Donald Trump has revealed his plan to ‘put America First’ – by outlawing the number two. The leading Republican Presidential candidate said that he would ban two by an executive order on his first day on the White House because the number is a ‘big loser’.
In a long-awaited speech on home affairs, Trump said: ‘America is going to be winning so much that we won’t need two. We’re going to be one. One, one, one, one, one. We’re making America great again and we’re going to build that wall. Make that three walls.’
The use of the number two by all federal government employees will henceforth be banned on pain of instant dismissal. All clocks will be altered to remove two and the number two will be taken out of all computer keyboards.

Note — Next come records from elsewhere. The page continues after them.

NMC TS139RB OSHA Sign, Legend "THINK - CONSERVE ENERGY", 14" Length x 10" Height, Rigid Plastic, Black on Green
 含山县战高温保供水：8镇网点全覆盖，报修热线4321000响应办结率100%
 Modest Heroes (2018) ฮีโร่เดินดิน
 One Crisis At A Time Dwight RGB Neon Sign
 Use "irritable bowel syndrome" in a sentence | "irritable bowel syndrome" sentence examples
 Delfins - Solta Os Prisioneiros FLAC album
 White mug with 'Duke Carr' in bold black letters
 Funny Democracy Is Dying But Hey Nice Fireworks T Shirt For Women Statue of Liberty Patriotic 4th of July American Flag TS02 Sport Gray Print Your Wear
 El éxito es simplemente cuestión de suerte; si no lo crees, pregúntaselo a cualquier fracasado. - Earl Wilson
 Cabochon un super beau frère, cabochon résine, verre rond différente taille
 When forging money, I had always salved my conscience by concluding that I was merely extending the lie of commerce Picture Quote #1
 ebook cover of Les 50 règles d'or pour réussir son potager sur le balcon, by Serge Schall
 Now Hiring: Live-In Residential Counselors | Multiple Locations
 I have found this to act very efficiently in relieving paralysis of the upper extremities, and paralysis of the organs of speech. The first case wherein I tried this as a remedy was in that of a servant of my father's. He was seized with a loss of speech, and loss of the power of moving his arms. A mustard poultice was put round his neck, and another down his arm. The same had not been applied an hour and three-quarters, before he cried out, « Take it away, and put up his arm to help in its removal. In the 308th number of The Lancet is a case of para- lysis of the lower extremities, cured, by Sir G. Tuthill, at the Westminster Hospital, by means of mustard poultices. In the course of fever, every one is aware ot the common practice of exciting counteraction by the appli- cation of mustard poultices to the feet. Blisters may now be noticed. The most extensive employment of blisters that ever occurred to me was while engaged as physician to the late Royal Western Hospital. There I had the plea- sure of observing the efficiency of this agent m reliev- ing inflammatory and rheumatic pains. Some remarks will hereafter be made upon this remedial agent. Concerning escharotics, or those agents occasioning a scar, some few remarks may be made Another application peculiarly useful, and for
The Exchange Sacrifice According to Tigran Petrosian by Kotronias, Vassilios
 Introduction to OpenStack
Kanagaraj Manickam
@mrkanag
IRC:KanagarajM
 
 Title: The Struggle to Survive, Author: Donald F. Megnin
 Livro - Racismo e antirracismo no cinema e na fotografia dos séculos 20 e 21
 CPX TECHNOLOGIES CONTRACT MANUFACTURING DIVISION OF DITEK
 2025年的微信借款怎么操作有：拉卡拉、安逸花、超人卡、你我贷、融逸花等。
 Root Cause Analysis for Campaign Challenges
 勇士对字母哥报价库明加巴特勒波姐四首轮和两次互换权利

‘Greatness is coming first, and America has to be great again,’ said Trump. ‘When I do a deal I come out on top and that means coming first. Second is nowhere – or rather it would be nowhere, if it existed at all. Which it doesn’t. Does it, Ted Cruz? We’re making America great again.’
Under the plans to ban two, any American athletes who come in second during the Olympics will be denied their silver medals and told to win next time, while, when referring to two during official government business, federal employees must refer to it as ‘not first’ or ‘nearly third’.
Mobile phone manufacturers including Apple and Samsung will be ordered to disable two and replace it with another number one. Network provider Three is said to be particularly in favour of the move, as this will make it number two, or rather three, in the market after Mr Trump’s favourite network, Orange.